There is an increased awareness that celiac disease may occur in the elderly although presentations with either diarrhea, weight loss or both may be less common causing delays in diagnosis for prolonged periods. Higher detection rates also seem evident owing to active case screening, largely through serodiagnostic measures. In some elderly patients who are genetically predisposed, it has been hypothesized that celiac disease might be precipitated late in life by an antigen, possibly from an infectious agent. As a result, peptide mimicry or other poorly-defined mechanisms may precipitate an autoimmune gluten-dependent clinical state. Although diarrhea and weight loss occur, only isolated iron deficiency anemia may be present at the time of initial diagnosis. In addition, the risk of other autoimmune disorders, particularly autoimmune thyroiditis, and bone disease, are increased. Osteopenia may also be associated with an increased risk of fractures. Finally, elderly celiacs have an increased risk of malignant intestinal disease, especially lymphoma.
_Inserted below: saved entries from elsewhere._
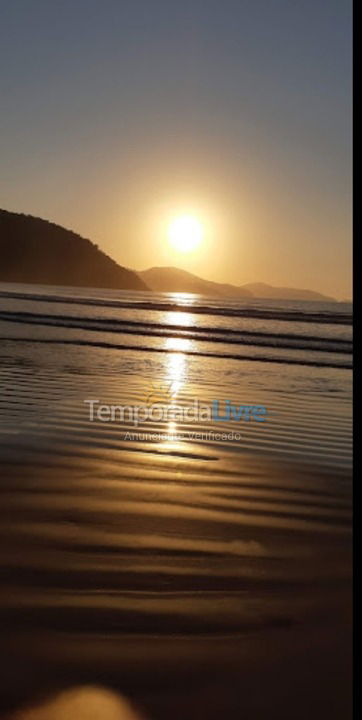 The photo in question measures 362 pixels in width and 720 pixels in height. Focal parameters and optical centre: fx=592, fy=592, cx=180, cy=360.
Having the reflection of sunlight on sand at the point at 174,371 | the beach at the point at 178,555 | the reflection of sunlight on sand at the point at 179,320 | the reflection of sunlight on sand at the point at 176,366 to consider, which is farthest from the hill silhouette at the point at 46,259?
the beach at the point at 178,555

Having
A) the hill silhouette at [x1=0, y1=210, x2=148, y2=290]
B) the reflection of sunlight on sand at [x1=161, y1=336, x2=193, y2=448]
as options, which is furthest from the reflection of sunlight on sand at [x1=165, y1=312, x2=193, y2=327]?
the hill silhouette at [x1=0, y1=210, x2=148, y2=290]

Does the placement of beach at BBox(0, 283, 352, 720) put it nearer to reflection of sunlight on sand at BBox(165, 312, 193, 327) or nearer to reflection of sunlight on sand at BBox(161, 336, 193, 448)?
reflection of sunlight on sand at BBox(161, 336, 193, 448)

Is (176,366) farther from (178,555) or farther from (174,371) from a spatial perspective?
(178,555)

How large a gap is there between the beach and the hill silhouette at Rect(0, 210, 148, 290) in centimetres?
17184

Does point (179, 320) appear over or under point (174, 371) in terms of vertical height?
over

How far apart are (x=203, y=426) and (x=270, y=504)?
3.08 metres

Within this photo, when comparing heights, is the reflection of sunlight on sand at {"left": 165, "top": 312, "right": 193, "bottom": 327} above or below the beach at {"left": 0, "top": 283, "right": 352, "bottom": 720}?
above

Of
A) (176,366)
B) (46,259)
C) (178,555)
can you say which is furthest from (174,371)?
(46,259)

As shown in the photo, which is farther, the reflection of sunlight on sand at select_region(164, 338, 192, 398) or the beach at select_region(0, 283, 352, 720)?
the reflection of sunlight on sand at select_region(164, 338, 192, 398)

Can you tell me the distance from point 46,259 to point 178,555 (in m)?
191

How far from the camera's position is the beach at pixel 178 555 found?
2.51 m

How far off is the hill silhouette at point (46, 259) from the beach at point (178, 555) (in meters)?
172

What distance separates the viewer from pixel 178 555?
12.2 ft

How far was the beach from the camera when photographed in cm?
251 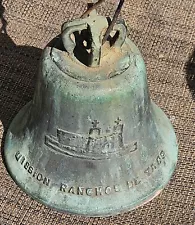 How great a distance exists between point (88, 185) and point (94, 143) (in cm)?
12

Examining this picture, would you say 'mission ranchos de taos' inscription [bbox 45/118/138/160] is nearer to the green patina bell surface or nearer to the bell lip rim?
the green patina bell surface

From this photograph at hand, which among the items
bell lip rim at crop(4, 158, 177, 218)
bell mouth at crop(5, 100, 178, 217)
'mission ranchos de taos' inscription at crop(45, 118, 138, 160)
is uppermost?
'mission ranchos de taos' inscription at crop(45, 118, 138, 160)

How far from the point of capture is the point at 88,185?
4.69 ft

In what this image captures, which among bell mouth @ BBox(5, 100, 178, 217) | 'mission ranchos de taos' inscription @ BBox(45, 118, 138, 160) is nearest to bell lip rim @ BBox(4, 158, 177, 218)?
bell mouth @ BBox(5, 100, 178, 217)

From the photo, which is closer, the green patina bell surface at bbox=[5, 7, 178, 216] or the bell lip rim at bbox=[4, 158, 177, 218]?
the green patina bell surface at bbox=[5, 7, 178, 216]

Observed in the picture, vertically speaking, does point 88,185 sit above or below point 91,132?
below

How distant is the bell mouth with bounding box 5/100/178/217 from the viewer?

Non-celiac gluten sensitivity:Time for sifting the grain

In the last few years, a new nomenclature has been proposed for the disease induced by the ingestion of gluten, a protein present in wheat, rice, barley and oats. Besides celiac disease and wheat allergy, the most studied forms of gluten-related disorders characterized by an evident immune mechanism(autoimmune in celiac disease and Ig E-mediated in wheat allergy), a new entity has been included, apparently not driven by an aberrant immune response: the non-celiac gluten sensitivity(NCGS). NCGS is characterized by a heterogeneous clinical picture with intestinal and extraintestinal symptoms arising after gluten ingestion and rapidly improving after its withdrawal from the diet. The pathogenesis of NCGS is largely unknown, but a mixture of factors such as the stimulation of the innate immune system, the direct cytotoxic effects of gluten, and probably the synergy with other wheat molecules, are clues for the complicated puzzle. In addition, the diagnostic procedures still remain problematic due to the absence of efficient diagnostic markers; thus, diagnosis is based upon the symptomatic response to a gluten-free diet and the recurrence of symptoms after gluten reintroduction with the possibility of an important involvement of a placebo effect. The temporary withdrawal of gluten seems a reasonable therapy, but the timing of gluten reintroduction and the correct patient management approach are have not yet been determined.